Carlisle also markets wool, yarn, and pelts online.

“We’re probably the largest sheep farm around except for the one in North Jersey,” she said.  That farm, Valley Shepherd Creamery, in Long Valley, Morris County, has about 500 milking sheep used in a commercial cheese operation.  

Nationwide, there were about 8 million sheep and lambs in 1997, and only about 5.3 million this year due mostly to decreased demand.   In 1997, New Jersey had 12,900 sheep, and 14,900 by 2012, on 819 farms.  

The majority of those farms had less than 25 sheep and lambs.  Only a dozen had more than 100. 

Among the smaller ones is the Square Key Farm in Pedricktown, Salem County, which has about 70 sheep and lambs.  “I focus on meat lambs that look nice on the table,” said Ed Hall Jr., the owner.  He supplies a few Philadelphia and Delaware restaurants and sells directly to customers who then take the animals to a butcher. 

“I’m not struggling because it’s a unique market,” Hall said.  There also are challenges.  Hall won’t be able to capitalize on the Easter market this year because his ram became sterile and his lambs were born too late.  “I’m not rich, but I’m paying my bills and I’m happy and doing well,” he said.

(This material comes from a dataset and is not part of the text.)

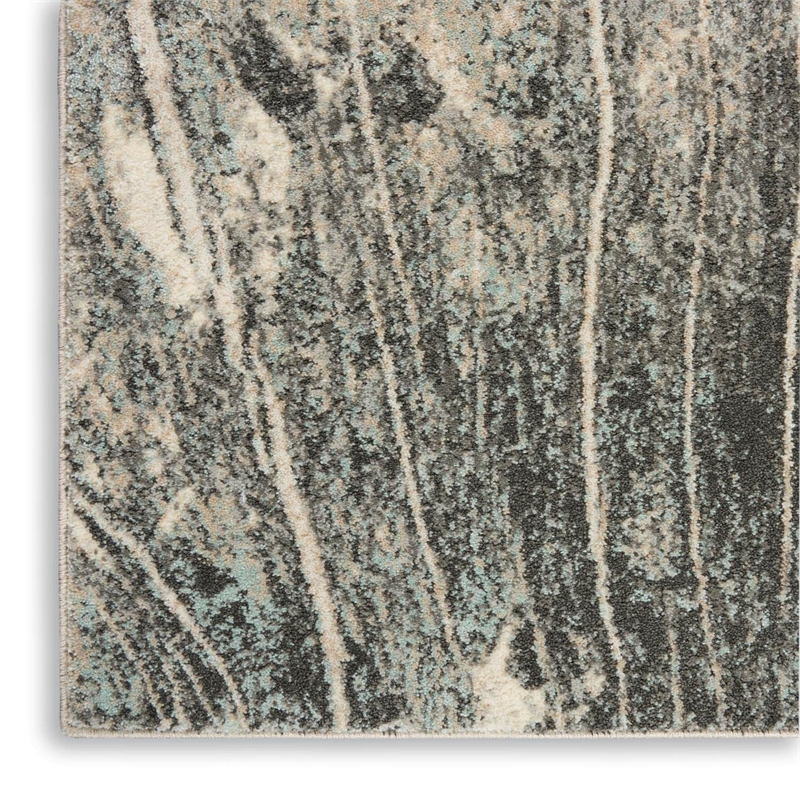 Nourison Soma Rectangle Contemporary Polyester Area Rug in Charcoal/Ivory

Dan Wunderlich, a New Jersey Department of Agriculture livestock specialist, said the state had the distinction of being the fifth in the nation in the number of sheep and lambs that in 2015 were slaughtered in federally inspected facilities and marketed.  There were 126,000 animals in that category, up five percent from the previous year.     

That number, the latest available, represents sheep raised in the state for meat along with those imported from other states.

New Jersey “has the market, and the population, and ethnic diversity and relies on Pennsylvania, New York, Delaware and Maryland for a supply of live animals,” Wunderlich said.

In 2015, Pennsylvania processed only 61,100 sheep for meat, a 15 percent decrease from the previous year, the USDA reported.  Wunderlich said that state likely exports many of its sheep to states like New Jersey that have the diversity and the customers.

Currently, New Jersey has 13 federally-inspected sheep and lamb meat processing facilities.  Catelli Brothers in Camden is among them.

Wunderlich said a growing number of farmers also deal directly with consumers, who may take the animals to butchers or a non-regulated facility.  Muslims sometimes purchase the lambs and take them to a special halal butcher.    

As for wool products, Wunderlich said they provide “less of a boon” because consumers often purchase synthetics and washable fabrics. 

Carlisle said her wool is sold mostly to consumers interested in warm blankets and others interested “in getting back to natural fibers.”  

She said the county Farmer’s Market, which opened about 10 years ago, has helped give her business a financial boost.   It is open only on Saturdays, in the summer.  

“It gives us a way to educate the public,” she said.